Amazon EMR (previously called Amazon Elastic MapReduce) is a managed cluster platform that simplifies running big data frameworks, such as Apache Hadoop and Apache Spark, on AWS to process and analyze vast amounts of data.
All example applications and instructions here are based on release emr-6.14.0
In this tutorial, you use EMRFS
to store data in an S3 bucket. EMRFS
is an implementation of the Hadoop file system that lets you read and write regular files to Amazon S3.
Create the bucket in the same AWS Region where you plan to launch your Amazon EMR cluster.
Buckets and folders that you use with Amazon EMR have the following limitations:
-
Names can consist of lowercase letters, numbers, periods (.), and hyphens (-).
-
Names cannot end in numbers.
-
A bucket name must be unique across all AWS accounts.
-
An output folder must be empty.
- Bucket name: your-emr-bucket-name, for example: msba2024-emr-integration
- AWS Region: US East(N.Virginia) us-east-1
- ACLs disabled (recommended)
- Block all public access
- Bucket Versioning: Disable
- Encryption type: Server-side encryption with Amazon S3 managed keys (SSE-S3)
- Bucket Key: Enable
The most common way to prepare an application for Amazon EMR is to upload the application and its input data to Amazon S3. Then, when you submit work to your cluster you specify the Amazon S3 locations for your script and data.
Copy health_violations.py and save it to your local named health_violations.py
Download food_establishment_data.csv
Upload PySpark script health_violations.py and food_establishment_data.csv to the bucket your created, for example: msba2024-emr-integration
-
Search EMR in the search box
-
Under EMR on EC2 in the left navigation pane, choose Clusters, and then choose Create cluster.
-
On the Create Cluster page, note the default values for
Release, Instance type, Number of instances
, andPermissions
. These fields automatically populate with values that work for general-purpose clusters. -
Cluster name: your-emr-cluster-name, for example, annie-emr-cluster
-
Under Applications, choose the Spark option to install Spark on your cluster.
Note: Choose the applications you want on your Amazon EMR cluster before you launch the cluster. You can't add or remove applications from a cluster after launch. -
Under Cluster logs, select the Publish cluster-specific logs to Amazon S3 check box. Replace the Amazon S3 location value with the Amazon S3 bucket you created, followed by /logs. For example, s3://msba2024-emr-integration/logs. Adding
/logs
creates a new folder called 'logs' in your bucket, where Amazon EMR can copy the log files of your cluster. -
Under Security configuration and permissions, choose your EC2 key pair. In the same section, select the Service role for Amazon EMR dropdown menu and choose EMR_DefaultRole. Then, select the IAM role for instance profile dropdown menu and choose EMR_EC2_DefaultRole.
-
Click Create cluster to launch the cluster and open the cluster details page.
-
Find the cluster Status next to the cluster name. The status changes from Starting to Running to Waiting as Amazon EMR provisions the cluster. You may need to choose the refresh icon on the right or refresh your browser to see status updates.
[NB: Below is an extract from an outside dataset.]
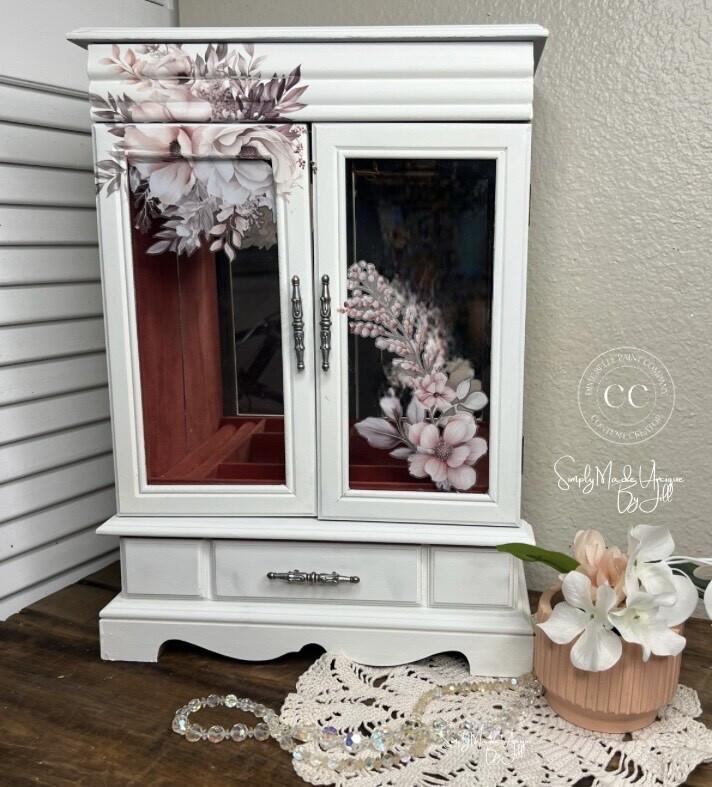 Soft Wintery Floral - Large Transfer | Dixie Belle Paint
Your cluster status changes to Waiting when the cluster is up, running, and ready to accept work.
After you launch a cluster, you can submit work to the running cluster to process and analyze data. You submit work to an Amazon EMR cluster as a step
. A step is a unit of work made up of one or more actions.
-
Under EMR on EC2 in the left navigation pane, choose Clusters, and then select the cluster where you want to submit work. The cluster state must be Waiting.
-
Choose the Steps tab, and then choose Add step.
-
Configure the step according to the following guidelines:
- For Type, choose Spark application. You should see additional fields for Deploy mode, Application location, and Spark-submit options.
- For Name, enter a new name. If you have many steps in a cluster, naming each step helps you keep track of them.
- For Deploy mode, leave the default value Cluster mode.
- For Application location, enter the location of your health_violations.py script in Amazon S3, such as s3://msba2024-emr-integration/health_violations.py.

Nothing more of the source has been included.